** Task details **
Every line of the data below should be retyped exactly, with no images carried over.

▶

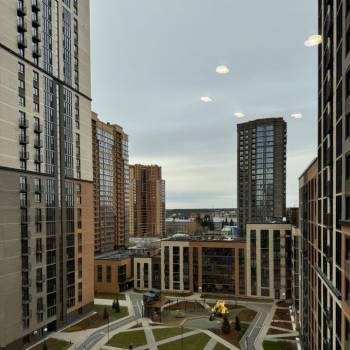 Сдается Многокомнатная квартира, 89 м²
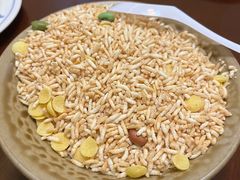 擂茶-壹德壹(锦都店)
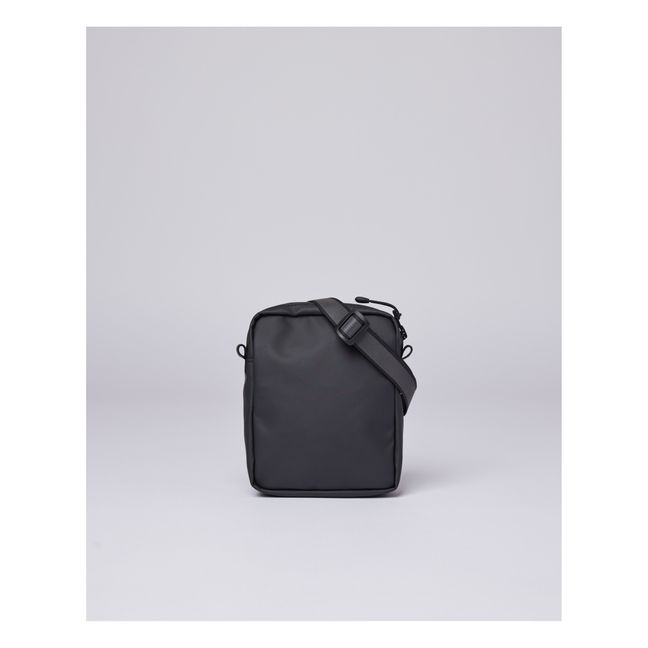 Poe Shoulder Bag | Nero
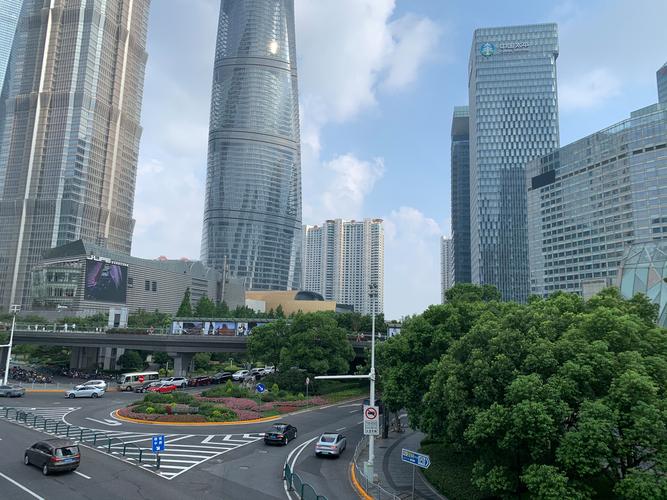 福建中路205号15楼藏着什么秘密？-第2张图片-花冠旅游服务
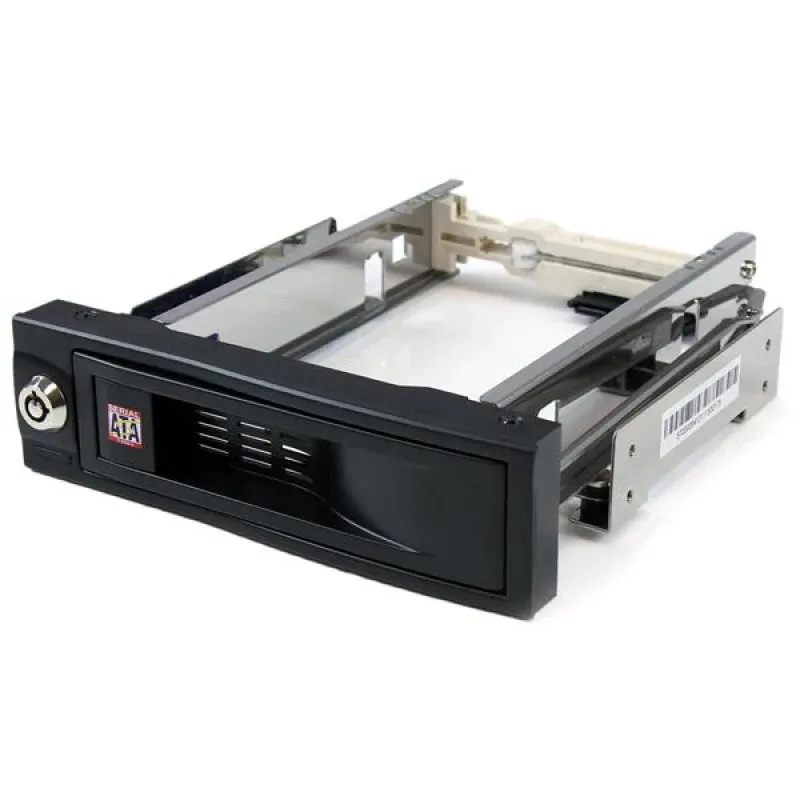 RACK MOVIL ALUMINIO PARA DISCO DURO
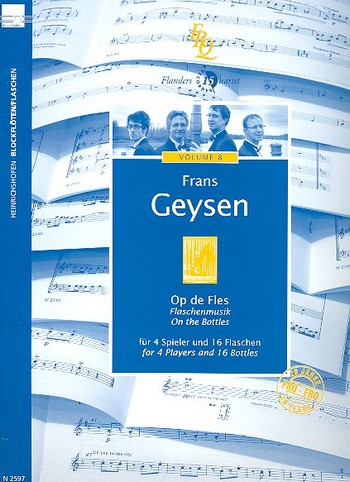 Flaschenmusik 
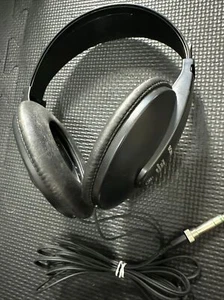 Cuffie stereo dinamiche Sony MDR-P1 vintage - Foto 1 di 7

◀

** Solution for this problem **
 Сдается Многокомнатная квартира, 89 м²
 擂茶-壹德壹(锦都店)
 Poe Shoulder Bag | Nero
 福建中路205号15楼藏着什么秘密？-第2张图片-花冠旅游服务
 RACK MOVIL ALUMINIO PARA DISCO DURO
 Flaschenmusik 
 Cuffie stereo dinamiche Sony MDR-P1 vintage - Foto 1 di 7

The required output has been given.